The article also provides this interesting bit of information, " Did they see a small reduction in risk? Impossible to say. The study was powered, in the statistical sense, to detect a 50% reduction in infections between the mask group and the control group. If masks reduced risk by a lower amount—25%? 10%?—the study wasn’t able to detect that."

Only 13 states don’t have a statewide mask mandate. I didn’t look very carefully, so maybe I’m off base here, but I’m guessing most of the 13 states are red states.

Another ‘masks don’t work’ article debunked.

I think I should point out that most of the “objections” to that study noted here are not based on reading the link provided. The study ended up with about 5000 participants, intended to study mask usefulness for the wearer and of course actually followed along with participants as to whether they were complying.

The point Tfletch1 made and that you’re quoting was in the study in the link provided as quoted here:

I know. What do you think leaving out the “47% predominantly as recommended” says about his argument style? What do you think of the JAQing style of “if it was a big enough study” and “they … seemed to not follow up with participants”*

*paraphrased

The study found a reduction in risk to the wearer that was not statistically significantly. The solution to “not statistically significant” is often a larger study.

The study didn’t even look for reduction in risk to others, which is where masks are believed to be most effective.
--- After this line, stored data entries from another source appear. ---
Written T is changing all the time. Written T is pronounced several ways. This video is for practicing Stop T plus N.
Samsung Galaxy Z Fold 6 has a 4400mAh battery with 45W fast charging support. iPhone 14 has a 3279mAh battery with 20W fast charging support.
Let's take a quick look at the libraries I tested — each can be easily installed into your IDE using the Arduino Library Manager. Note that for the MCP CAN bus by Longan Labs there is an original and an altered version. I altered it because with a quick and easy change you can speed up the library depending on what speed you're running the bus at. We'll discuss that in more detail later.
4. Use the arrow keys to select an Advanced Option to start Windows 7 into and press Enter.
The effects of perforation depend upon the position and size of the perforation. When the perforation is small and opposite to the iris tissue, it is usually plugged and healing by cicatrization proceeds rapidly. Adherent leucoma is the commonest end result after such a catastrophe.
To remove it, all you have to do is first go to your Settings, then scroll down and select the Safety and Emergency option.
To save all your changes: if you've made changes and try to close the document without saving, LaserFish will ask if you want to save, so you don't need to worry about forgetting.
Yes, I only read the conclusions and the design of the study, I did not read the entire paper. So they did follow up, despite not mentioning that in the design. Cool. And apparently they found adherence to wearing masks properly was low in the “wear masks” group.
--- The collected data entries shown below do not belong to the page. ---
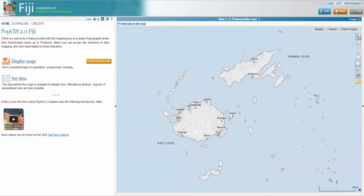Hello, my name is Phil Bright and I'm the GIS Specialist in the Statistics for Development Division at the Pacific Community. I'd like to quickly show you how we can use the Fiji Population GIS, an online application we've developed for Fiji in collaboration with the Fiji Bureau of Statistics.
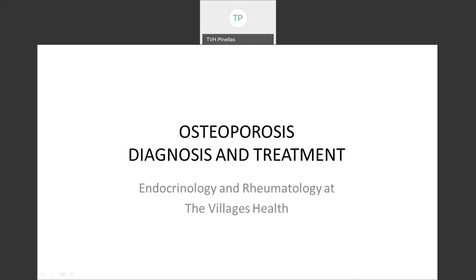Welcome to our educational session on osteoporosis. You have been invited to this group meeting because your recent bone density study demonstrated an increased risk for fracture. We hope by hosting this opportunity for learning that you will better understand what osteoporosis is, what the risks are, and what the benefits and risks are for the many options for treatment.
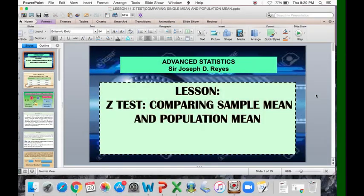Thank you very much for listening. That's all about the topic of the Z-test comparing sample mean and population mean. Don't forget to like and subscribe to this channel and hit the notification button for more updates. Bye!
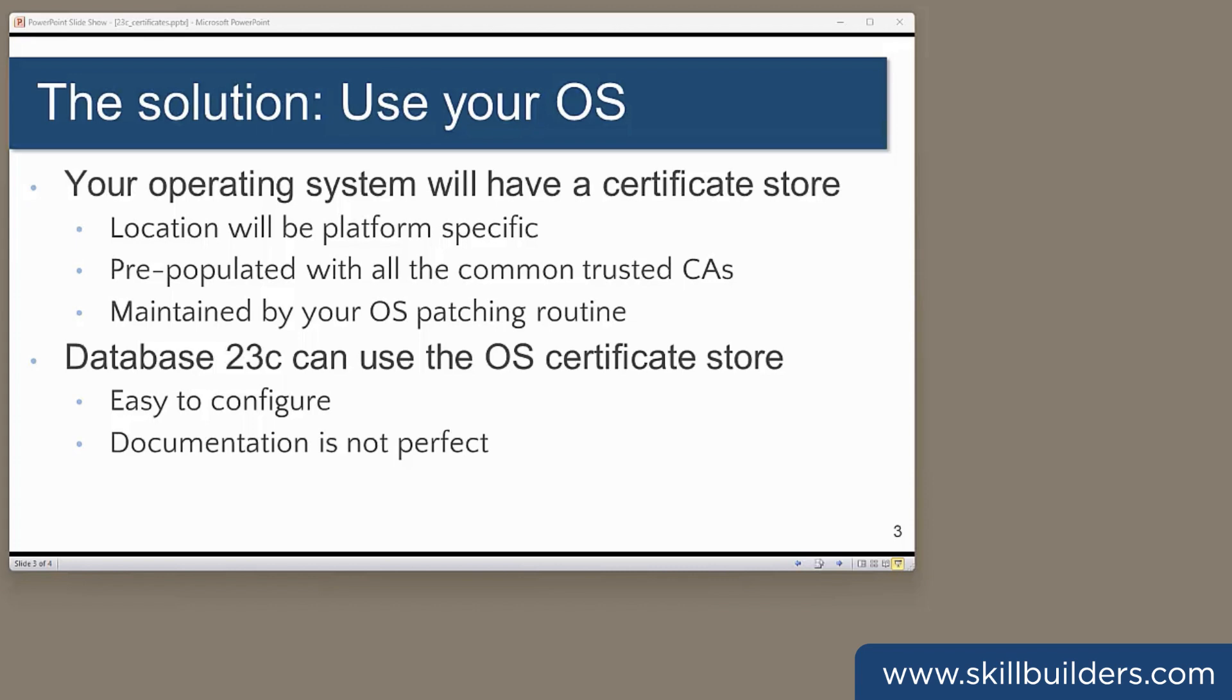In 23C, rather than having to build up and maintain your own wallet, you can tell Oracle to use the operating system's certificate store. For many sites, that is going to be a whole lot easier.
This study had 5000 people and was conducted during the early days when mask use wasn’t being recommended for the general public at all.
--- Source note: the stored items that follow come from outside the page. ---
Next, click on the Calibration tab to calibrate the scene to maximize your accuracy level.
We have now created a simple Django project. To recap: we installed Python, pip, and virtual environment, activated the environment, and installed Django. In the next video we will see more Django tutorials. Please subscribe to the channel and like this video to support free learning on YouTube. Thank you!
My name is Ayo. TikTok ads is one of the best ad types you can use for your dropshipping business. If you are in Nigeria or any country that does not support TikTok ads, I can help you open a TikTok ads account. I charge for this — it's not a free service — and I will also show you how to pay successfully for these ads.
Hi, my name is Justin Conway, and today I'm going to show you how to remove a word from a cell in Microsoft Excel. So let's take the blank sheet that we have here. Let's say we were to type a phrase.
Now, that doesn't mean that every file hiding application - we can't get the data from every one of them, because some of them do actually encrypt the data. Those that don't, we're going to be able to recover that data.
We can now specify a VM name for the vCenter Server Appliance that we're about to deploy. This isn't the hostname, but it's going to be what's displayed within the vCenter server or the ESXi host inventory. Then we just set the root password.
Eta: so no, it doesn’t take away from the current reasoning behind mask use but some people were/are hopeful that mask use lowers your exposure.

I imagine this would be a very hard study to do.

“Ok, you 3000 people spend a bunch of time around sick people wearing masks in your day-to-day lives. You other 3000 people, spend all your time around people not wearing masks.”

Oh, you want double blind?

“Ok, we’re giving 3000 people masks to hand out to all the people around them, and the other 3000 people fake masks that look just like the real thing, and all the people they interact with need to wear them.”

Yes, that’s why all the data to date is animal data, physical models, and observational studies. All of which are “science”, even if they aren’t double-blinded prospective studies.

You could compare different types of masks that were manufactured to have the same appearance.